- [WHAT THIS TASK INVOLVES]:
Transcribe the listing in full, excluding any pictures.

- [INFORMATION SHOWN]:
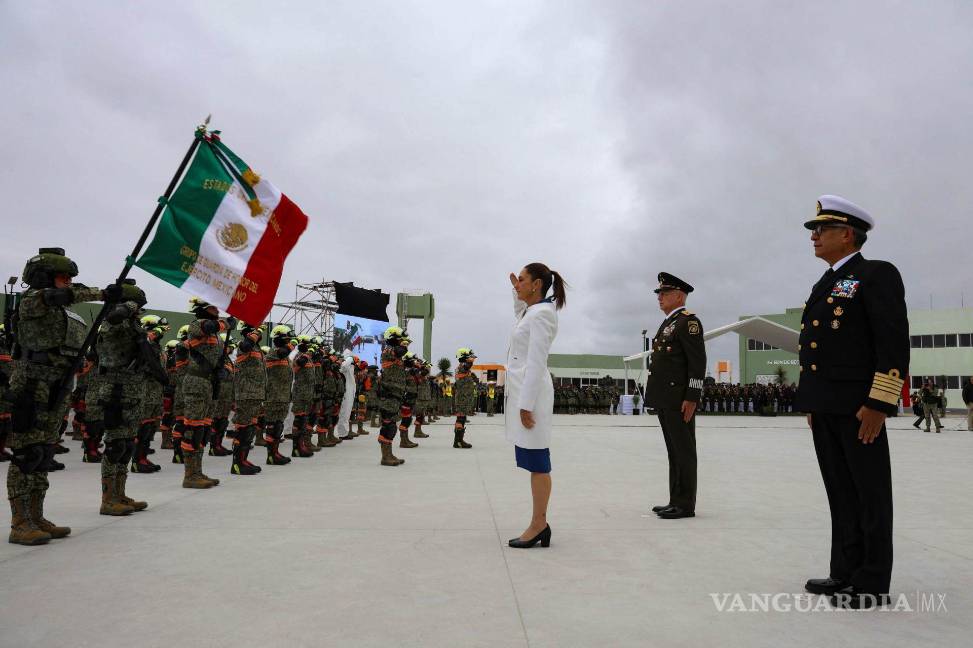 $!Claudia Sheinbaum, Presidenta de México, y Ricardo Trevilla Trejo, secretario de la Defensa Nacional, encabezaron el 112 aniversario del Día del Ejército Mexicano”, en cuya ceremonia se entregaron las instalaciones del 27/o Regimiento de Caballería Motorizado. También estuvo presente el gobernador de Nuevo León, Samuel García.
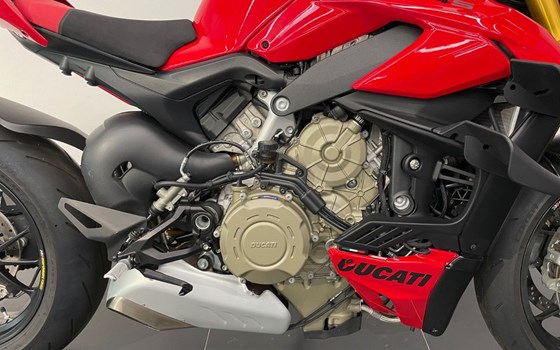 Gebrauchtmotorrad Ducati Streetfighter V4 S - Bild 7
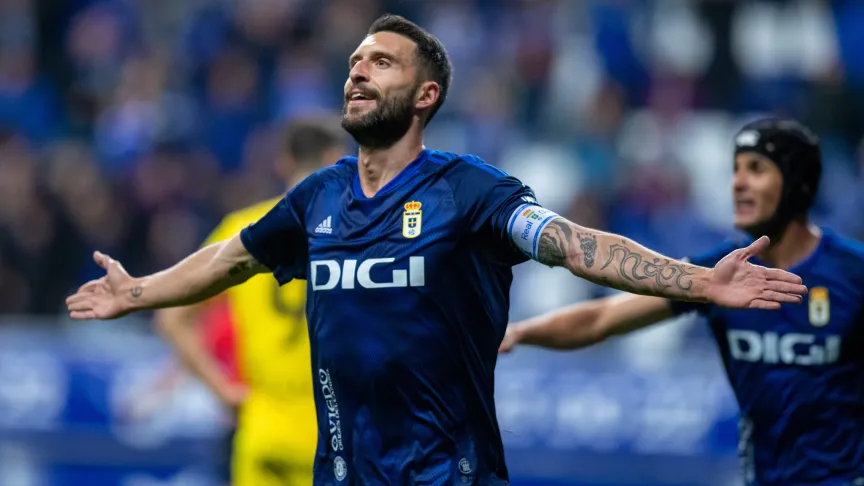 Borja Bastón celebra un gol.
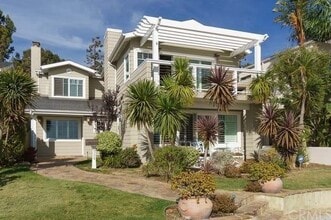 730 N Paulina Ave in Redondo Beach, CA - Foto de edificio - Building Photo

- [SOLUTION TO THIS EXERCISE]:
 $!Claudia Sheinbaum, Presidenta de México, y Ricardo Trevilla Trejo, secretario de la Defensa Nacional, encabezaron el 112 aniversario del Día del Ejército Mexicano”, en cuya ceremonia se entregaron las instalaciones del 27/o Regimiento de Caballería Motorizado. También estuvo presente el gobernador de Nuevo León, Samuel García.
 Gebrauchtmotorrad Ducati Streetfighter V4 S - Bild 7
 Borja Bastón celebra un gol.
 730 N Paulina Ave in Redondo Beach, CA - Foto de edificio - Building Photo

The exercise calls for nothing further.